Link Search Menu Expand Document

Automate data quality monitoring

Last modified on 26-Apr-24

Use this guide to set up Soda and begin automatically monitoring the data quality of datasets in a data source. Use the guided workflow in Soda Cloud to connect to a data source, profile your data, and add automated checks for data quality.

About this guide
Set up a Soda Agent
Automate data quality monitoring
Set up alert notifications
Go further

About this guide

This guide offers Data Analysts, Data Scientists, and business users instructions to set up Soda to profile and begin monitoring data for quality, right out of the box.

This example offers instructions for both self-hosted and Soda-hosted agent deployment models, each of which use Soda Cloud connected to a Soda Agent to securely accesses data sources and execute scheduled scans for data quality. See: Choose a flavor of Soda.

Set up a Soda Agent

This setup provides a secure, out-of-the-box Soda Agent to manage access to data sources from within your Soda Cloud account.

Compatibility

You can use a Soda-manage agent to connect with the following data sources:

BigQuery
Databricks SQL
MS SQL Server
MySQL
PostgreSQL
Redshift
Snowflake
 

Set up

  1. If you have not already done so, create a Soda Cloud account at cloud.soda.io. If you already have a Soda account, log in.
  2. By default, Soda prepares a Soda-hosted agent for all newly-created accounts. However, if you are an Admin in an existing Soda Cloud account and wish to use a Soda-hosted agent, navigate to your avatar > Organization Settings. In the Organization tab, click the checkbox to Enable Soda-hosted Agent.
  3. Navigate to your avatar > Data Sources, then access the Agents tab. Notice your out-of-the-box Soda-hosted agent that is up and running.

soda-hosted-agent


Invite your colleague(s) to your Soda Cloud organization so they can access the newly-deployed Soda Agent to connect to data sources and begin monitoring data quality. In your Soda Cloud account, navigate to your avatar > Invite Team Members and fill in the blanks.

The Soda Agent is a tool that empowers Soda Cloud users to securely access data sources to scan for data quality. To set up a self-hosted Soda Agent, you create a Kubernetes cluster in a cloud services provider environment, then use Helm to deploy a Soda Agent in the cluster.

If you do not have the access or authorization to set up a cluster or deploy the containerized agent, pass the instructions to your data engineering or IT team to complete the exercise for you. Alternatively, consider using the Soda-hosted agent.

Compatibility

Amazon Athena
Amazon Redshift
Azure Synapse
ClickHouse
Databricks SQL
Denodo
Dremio
DuckDB
GCP BigQuery
Google CloudSQL
IBM DB2
MotherDuck
MS SQL Server1
MySQL
OracleDB
PostgreSQL
Presto
Snowflake
Trino
Vertica

1 MS SQL Server with Windows Authentication does not work with Soda Agent out-of-the-box.

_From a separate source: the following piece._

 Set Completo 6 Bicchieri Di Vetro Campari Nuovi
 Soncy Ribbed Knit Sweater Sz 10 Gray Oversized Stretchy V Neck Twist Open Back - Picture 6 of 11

  1. Create a Soda Cloud account which is free for a 45-day trial.
  2. Access the exhaustive deployment instructions to deploy a Soda Agent in the cloud services provider you use.
    • Cloud services provider-agnostic instructions
    • Amazon Elastic Kubernetes Service (EKS)
    • Microsoft Azure Kubernetes Service (AKS)
    • Google Kubernetes Engine (GKE)
  3. Use the instructions for managing sensitive values to securely store API key values and data source login credential values that the Soda Agent needs to connect to both Soda Cloud and your data sources. Pass the environment variable identifiers to your colleagues to use when adding a new data source in Soda Cloud.
  4. Invite your colleague(s) to your Soda Cloud organization so they can access the newly-deployed Soda Agent to connect to data sources and begin monitoring data quality. In your Soda Cloud account, navigate to your avatar > Invite Team Members and fill in the blanks.

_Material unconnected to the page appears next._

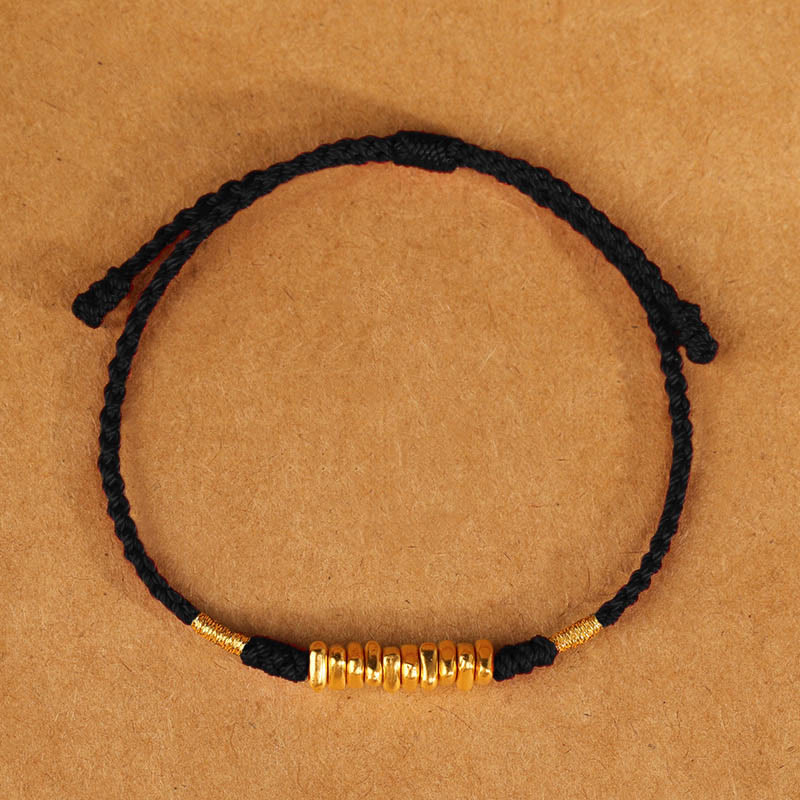 Buddha Stones 999 Gold Small Pieces String Protection Luck Ultra-Thin Braided Bracelet - image 13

Automate data quality monitoring

  1. As an Admin in your Soda Cloud account, navigate to your avatar > Data Sources.
  2. In the Agents tab, confirm that you can see your Soda-manage agent, or the Soda Agent you deployed and that its status is “green” in the Last Seen column. If not, refer to the Soda Agent documentation to troubleshoot its status. agent-running
  3. Navigate to the Data source tab, then click New Data Source and follow the guided steps to connect to a new data source and opt-in to automated monitoring checks.
    Refer to the sections below for insight into the values to enter in the fields and editing panels in the guided steps.

Attributes

Field or Label Guidance
Data Source Label Provide a unique identifier for the data source. Soda Cloud uses the label you provide to define the immutable name of the data source against which it runs the Default Scan.
Default Scan Agent Select the Soda-hosted agent, or the name of a Soda Agent that you have previously set up in your secure environment. This identifies the Soda Agent to which Soda Cloud must connect in order to run its scan.
Schedule Provide the scan frequency details Soda Cloud uses to execute scans according to your needs. If you wish, you can define the schedule as a cron expression.
Starting At Select the time of day to run the scan. The default value is midnight.
Cron Expression (Optional) Write your own cron expression to define the schedule Soda Cloud uses to run scans.


Connect the Data Source

In the editing panel, provide the connection configurations Soda Cloud needs to be able to access the data in the data source. Connection configurations are data source-specific and include values for things such as a database’s host and access credentials.

Access the data source-specific connection configurations for the connection syntax and descriptions; adjust the values to correspond with your data source’s details.

To more securely provide sensitive values such as usernames and passwords in a self-hosted agent deployment model, use environment variables in a values.yml file when you deploy the Soda Agent. See Use environment variables for data source connection credentials for details.


Discover Datasets

During its initial scan of your datasource, Soda Cloud discovers all the datasets the data source contains. It captures basic information about each dataset, including a dataset’s schema and the columns it contains.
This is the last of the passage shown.